Muñoz worried that Montebello would take back the office if not enough was happening. He asked a new acquaintance, Yolie Acosta, to show up occasionally and make some noise. She showed up a lot. Acosta, 39, who grew up in Cypress Park, had a grandmother and an uncle with diabetes.
Eventually, she left a job that paid about $60,000 a year. She is now the Latino Diabetes Assn.'s executive director, sometimes paid and oftentimes not.
After working together for a year or two, Muñoz and Acosta fell in love. "When we talk about LDA, it's pretty much 24-7. It's like our baby now," she said.

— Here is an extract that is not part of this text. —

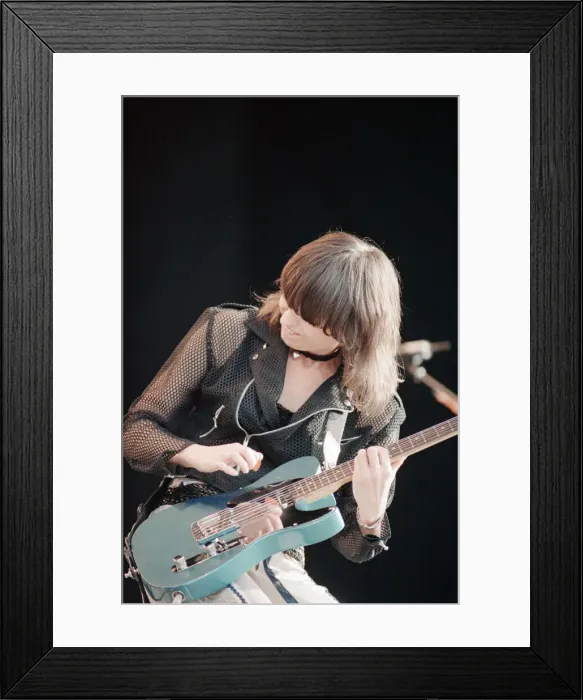 Framed Print : Chrissie Hynde (pictured) fronting her band The Pretenders Framed Print : Chrissie Hynde (pictured) fronting her band The Pretenders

They are well-matched. While Muñoz is often impolitic, Acosta is diplomatic but persistent. Muñoz spins ideas; Acosta deals in the details.
As a compliance auditor, Muñoz monitors how nonprofit agencies spend the county's money. His inside view has made him cynical about misspent funds, and it galls him because the Latino Diabetes Assn. scrapes for every dollar.
In its best year, 2008, the association raised $142,000. Muñoz recalls having classes in six communities at once. "It was like a circus," he said. He dreams of raising a million dollars a year and hiring full-time staff.
Last September, the Latino Diabetes Assn. discovered that it was out of money.
Kinde Durkee, a Burbank treasurer employed by many politicians, had kept the association's books. Before she was arrested and accused of embezzling, she had informed the association that it had $29,351.19. But the bank could find only $2,153.18 — and now that was frozen.
In those first dazed weeks, Muñoz was dismayed. "I've been, like, on the top of a mountain with a bullhorn, saying: 'Overhere!' " he said, slumped at a table in the association office. "Not one person has called us and said, 'Hey, man, I feel bad for you guys. Let me give you a dollar.' Nothing."
Muñoz, dressed in cargo shorts and a Hawaiian shirt that belied his sour mood, was surrounded by shelves crammed with brochures, a cabinet filled with files on diabetics who needed help and walls hung with framed commendations from politicians, most of whom have never donated a cent.
The unexpected insolvency came at a vulnerable time for Muñoz. A month earlier, his niece had died at the age of 27.
Heartsick from Arevalo's death, distressed by the association's money woes, upset by the mute reaction and weary of wheedling for donations and volunteers, Muñoz thought about giving up. "I could walk away," he said.
He didn't. He didn't think he had a choice.
"It is an absolute crisis and everybody's sitting on their thumbs," he said.
By November, he had raised little money, but found an inexpensive way to promote his cause. Muñoz organized a candlelight vigil to remember diabetes victims at La Placita church in downtown Los Angeles. About 150 people showed up, forming a circle around Muñoz.
"All we're doing is trying to prevent this from happening to you guys because, I'm sorry, but some of you guys are going to die one day or have really bad complications, and it's so unnecessary," said Muñoz, striding about and clutching a framed photo of his niece to his chest.
Muñoz and Acosta then renewed their pursuit of donations, collecting enough to hold classes in yoga and healthy cooking in Maywood, South Gate, Commerce and Cudahy.
They brought in more than $50,000 altogether from the City Club fundraising dinner, the S. Mark Taper Foundation, Smart & Final, Wal-MartFoundation, the Union Pacific Foundation, Hispanics in Philanthropy and the Vons Foundation.
"Yolie stalked me," said Gilbert Gonzales, chairman of the Vons Foundation at that time. Guessing that she'd called 15 times, he said her passion was persuasive.
Finally confident that the Latino Diabetes Assn. would survive, Muñoz and Acosta decided to celebrate a bit. In the Los Angeles City Council chamber last month, Reyes offered an emotional tribute and handed Acosta a certificate "for never giving up." Gonzales presented Acosta an oversized check for $15,000.
Muñoz, who's not much for ceremony and certificates, stood to the side. Paying no attention to a police officer who pestered him to move, he shot photo after photo that he could use to raise more money.